Content starts

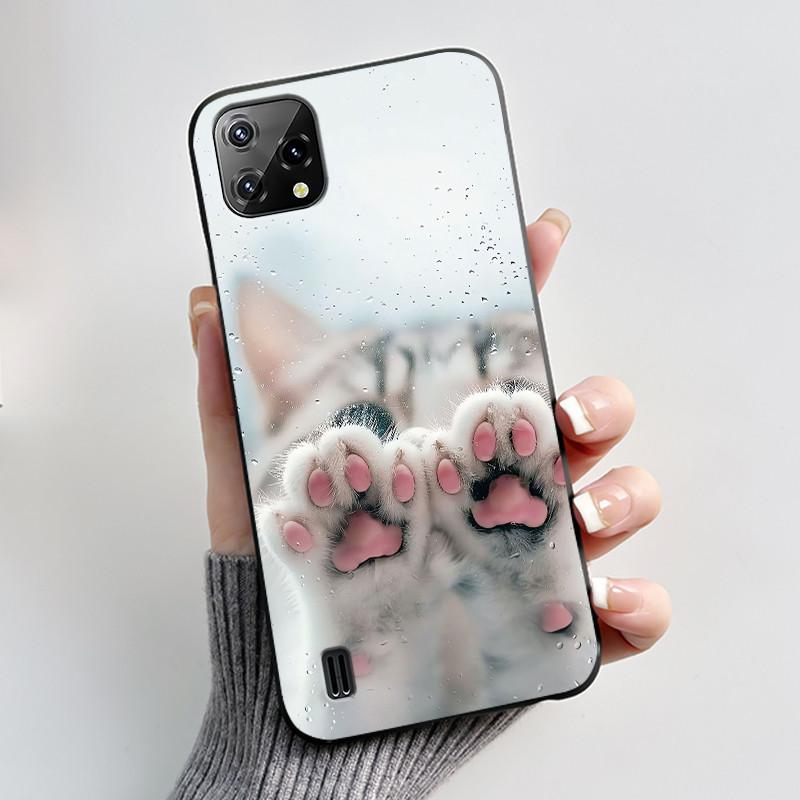 Casing For Blackview A55 Oscal C60 Phone Case Luxury Cute Cool Boys Girls Soft silicone Matte Cover For Black View A55 TPU Shell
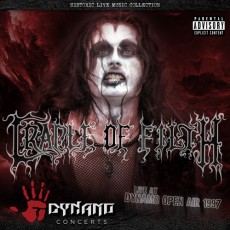 CD / Cradle Of Filth / Live At Dynamo Open Air 1997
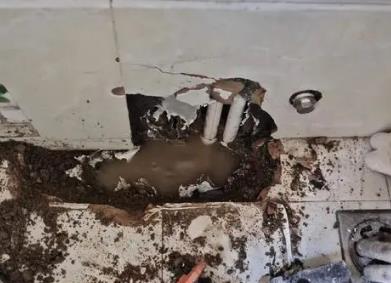 库伦漏水检测电话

Content ends

• _What you are asked to do_
A verbatim copy of the listing is required, with all pictures left out.

• _Answer to this exercise_
 Casing For Blackview A55 Oscal C60 Phone Case Luxury Cute Cool Boys Girls Soft silicone Matte Cover For Black View A55 TPU Shell
 CD / Cradle Of Filth / Live At Dynamo Open Air 1997
 库伦漏水检测电话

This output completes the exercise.